Yakın tarihte yaşanan bu konu hakkında gazeteye açıklamalarda bulunan Kıvrıkoğlu, anlatılanları ve Yılmaz'la arasının bozuk olduğunu teyit etti. Kırgınlığın sebebi ise Kıvrıkoğlu'nun Yılmaz'ın Cumhurbaşkanı olmasını istemeyişinden kaynaklanıyordu.

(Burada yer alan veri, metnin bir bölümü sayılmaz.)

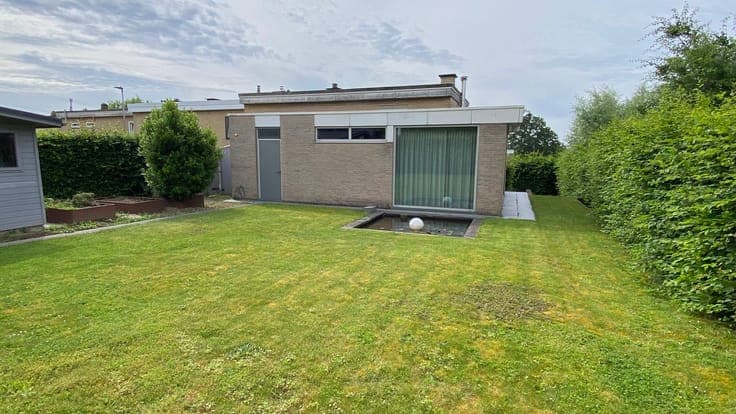 Ready-to-move-in 3-facade house with extra multipurpose room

“Mesut Yılmaz Cumhurbaşkanı olmak istiyordu. Kendisinin Cumhurbaşkanı olmaması için mektup yağmuruna tutuldum. Ziyaretçi akınına uğradım ve bu konudaki görüşlerimi zamanın Başbakan’ına da açıkladım.”
Mesut Yılmaz'ın da bu çıkışa karşı tavrı Kıvrıkoğlu'nun görev süresinin uzatılmasını reddetmek şeklinde oldu. Görev süresinin uzatılması ihtimali kalmayan Kıvrıkoğlu da durumun netleşmesinin artından karşı atağa geçti. Kıvrıkoğlu 2002 yılı
Ağustos Şurası'nda en yakın
mesai arkadaşı olan
Hilmi Özkök'ü emekliye ayırıp, dönemin
Jandarma Genel Komutanı Aytaç Yalman'ı iki basamak birden tırmandırarak Genelkurmay Başkanı yapmak istedi. Gerekçe ise hazırdı:
“Hilmi Özkök'ün Genelkurmay Başkanı olmasını istemedim. Çünkü irtica ile mücadelede daha iyisi gelmeliydi.”
TÜRKİYE'NİN IRAK STRATEJİSİ
Oysa askere yakınlığıyla bilinen dönemin
Meclis Başkanı Ömer İzgi olayın irtica ile ilgisi olmadığını, TSK içinde Türkiye'nin
Irak stratejisi konusunda var olan farklı görüşlerden kaynaklandığını ileri sürüyordu. İzgi'ye göre Hilmi Özkök Irak'a girmeyi
ülke için "bataklığa saplanmak" şeklinde görüyor, Kıvrıkoğlu ABD ile birlikte hareket etmek gerektiğini savunuyordu.
Tartışmanın diğer ucundaki isim Hilmi Özkök ise tüm bu tartışmalardan Silahlı Kuvvetler’in manevi şahsiyetinin zarar görebileceği endişesiyle uzak kalmaya çalıştı.
“Polemiğe girmek istemem. TSK'yı incitmek istemem. Tarih gösterecektir.”
Gelişen bu süreç Türkiye'nin son 10 yılda ne denli büyük dalgalanmalar ve hararetli tartışmalar yaşadığını göstermesi açısından önemliydi.